Prior to 1988, floor brokers used to have fun with the myth by declaring Friday the 13th "Hat Day". Brokers would don silly and bizarre headgear, pretending to ward off the evil spirits.
The last official "Hat Day" occurred in 1987. It was on Friday, November 13th, to be exact. A few weeks earlier on Monday, October 19th, U.S. stock markets had suffered their worst selloff in history. The Dow fell 22% in one day. That would be the equivalent of a 5,500 point selloff today.

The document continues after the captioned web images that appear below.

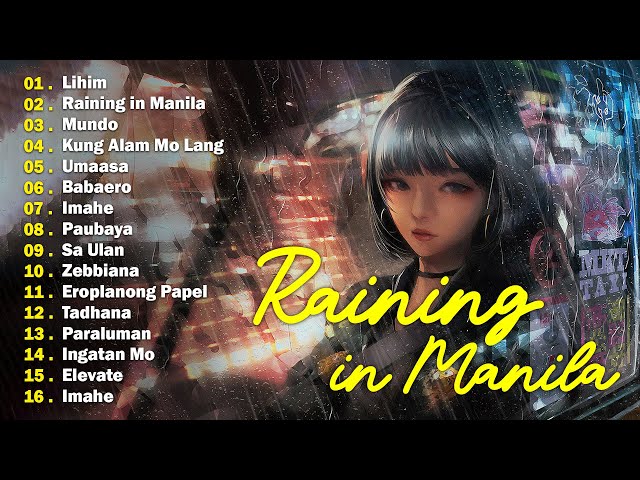 Lihim, Raining in Manila🎵 Best OPM Tagalog Love Songs 2024 Playlist🎵 Best of New OPM Trending Hits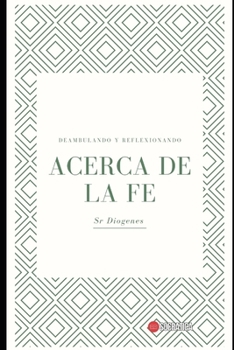 Paperback Acerca de la fe: Deambulando y Reflexionando [Spanish] Book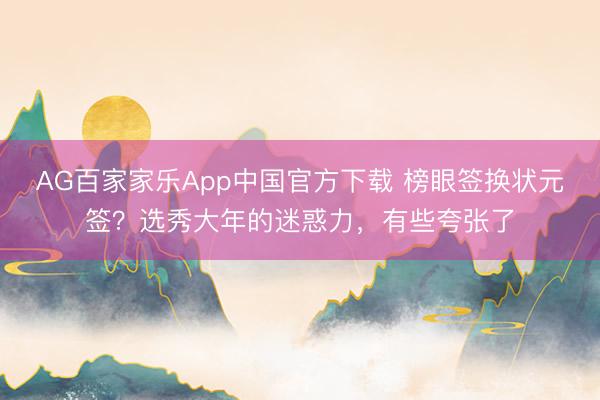 AG百家家乐App中国官方下载 榜眼签换状元签？选秀大年的迷惑力，有些夸张了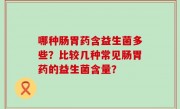哪种肠胃药含益生菌多些？比较几种常见肠胃药的益生菌含量？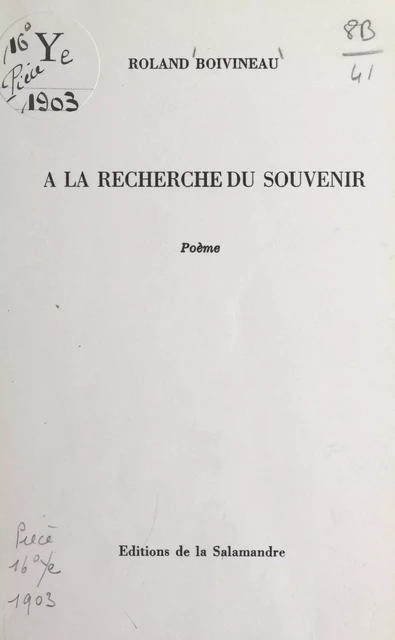 À la recherche du souvenir - Roland Boivineau - FeniXX réédition numérique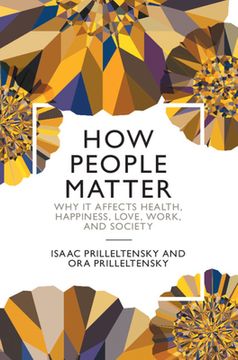 portada How People Matter: Why it Affects Health, Happiness, Love, Work, and Society 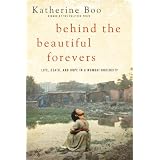 Behind the Beautiful Forevers: Life, death, and hope in a Mumbai undercity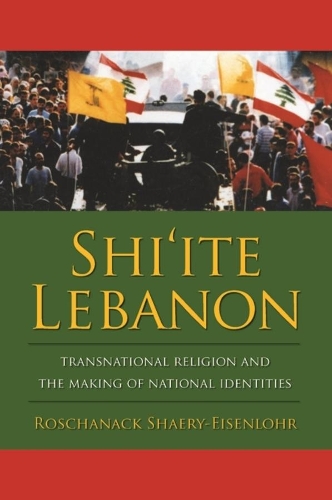 Бумажная книга «Shi'ite Lebanon: Transnational Religion and the Making of National Identities», автор Рошанак Шаэри-Эйзенлор - фото №1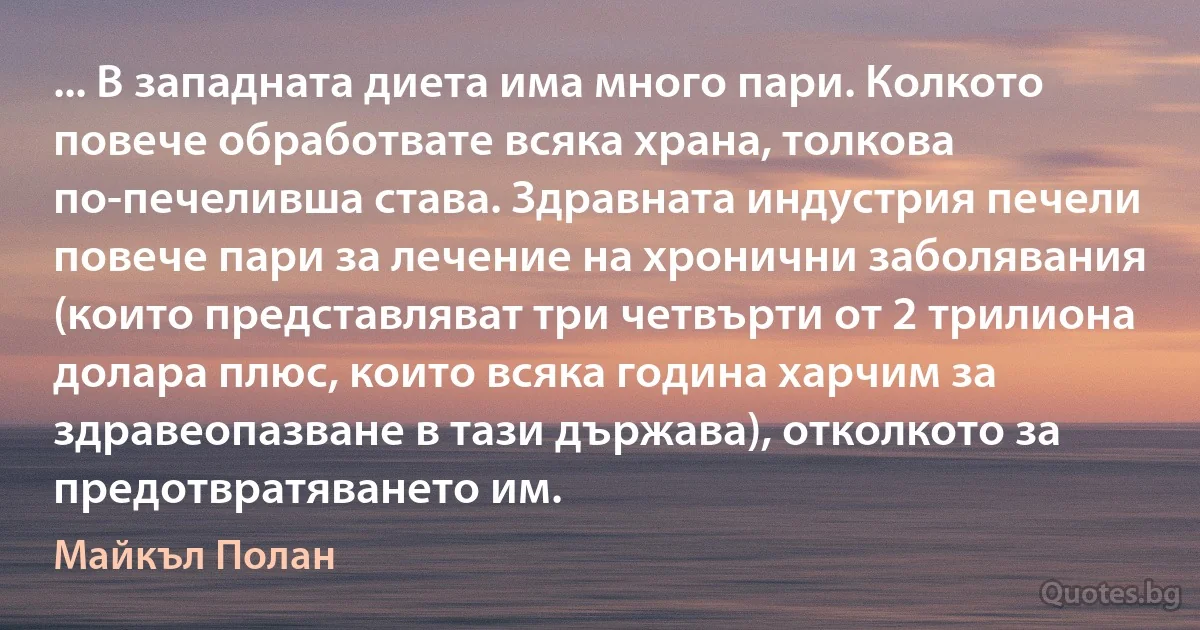 ... В западната диета има много пари. Колкото повече обработвате всяка храна, толкова по-печеливша става. Здравната индустрия печели повече пари за лечение на хронични заболявания (които представляват три четвърти от 2 трилиона долара плюс, които всяка година харчим за здравеопазване в тази държава), отколкото за предотвратяването им. (Майкъл Полан)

The '87 crash was far, far worse than the '29 crash on a percentage basis. As that day wore on and prices continued to fall and fall, the floor took on a kind of surreal atmosphere, almost like a dream sequence in a movie. You bargained and fought for good prices but there was a sense that this was unreal - that this couldn't really be happening.
Cashin added that because many traders lost their careers in the 1987 crash, the following Hat Day became some sort of "Survivors Ball" for the those left behind.
The NYSE closed the visitor's gallery and cancelled press passes for the day so that the survivors had the floor all to themselves. However, a freelance reporter managed to gain access for an interview and stayed to document the whole day. Months later, he published a story with the headline "The Fat Cats in Hats."
"That was the last "Hat Day" on the NYSE," Cashin wrote. "They are sorely missed."
One last tidbit, for what it's worth: stocks have rallied 55%-60% of the time on Friday the 13th. So be greedy when others are fearful.